* Work task: An exact copy of all the data is required, with pictures left out.

* Provided material:
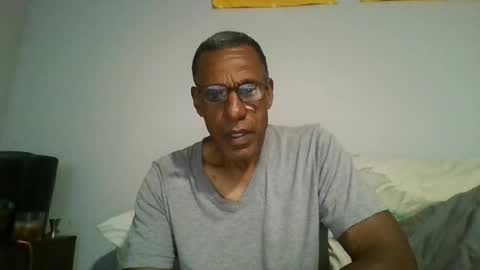 swimmerbod2495 online show from July 29, 12:50 am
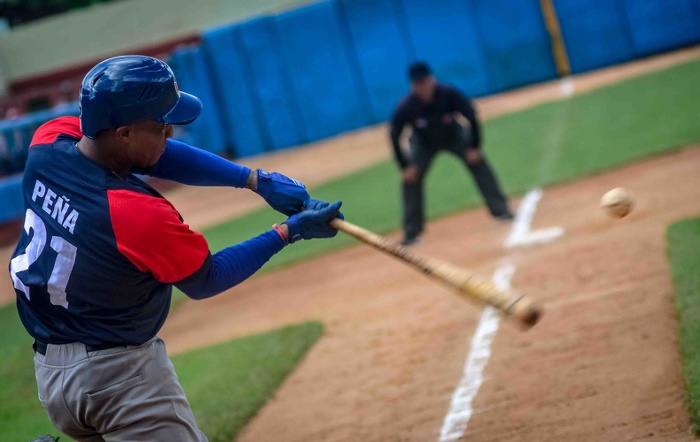 Foto: Yasiel Peña de la Peña/ACN La 32 cayó para los toros a fuerza de batazos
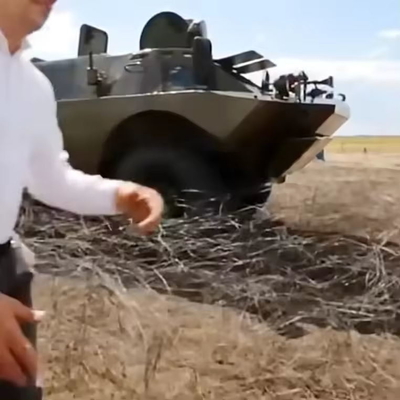 Satış Tank Barrier Winding Net Track Koruma Ağı Düşük görünürlüklü Tel örgü ağı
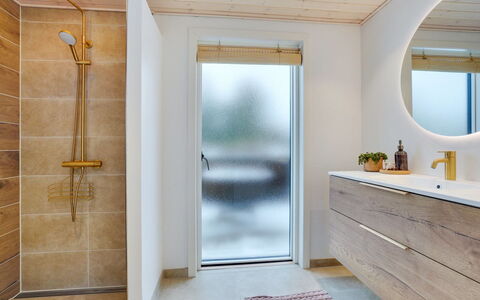 Reiko - 1.5Km from the Sea: Piso, Madera, Suelo, Arreglo De Tubería, Plomería, Mueble De Baño, Baño, Grifo, Lavabo Del Baño, Suelos De Madera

* Solution to this problem:
 swimmerbod2495 online show from July 29, 12:50 am
 Foto: Yasiel Peña de la Peña/ACN La 32 cayó para los toros a fuerza de batazos
 Satış Tank Barrier Winding Net Track Koruma Ağı Düşük görünürlüklü Tel örgü ağı
 Reiko - 1.5Km from the Sea: Piso, Madera, Suelo, Arreglo De Tubería, Plomería, Mueble De Baño, Baño, Grifo, Lavabo Del Baño, Suelos De Madera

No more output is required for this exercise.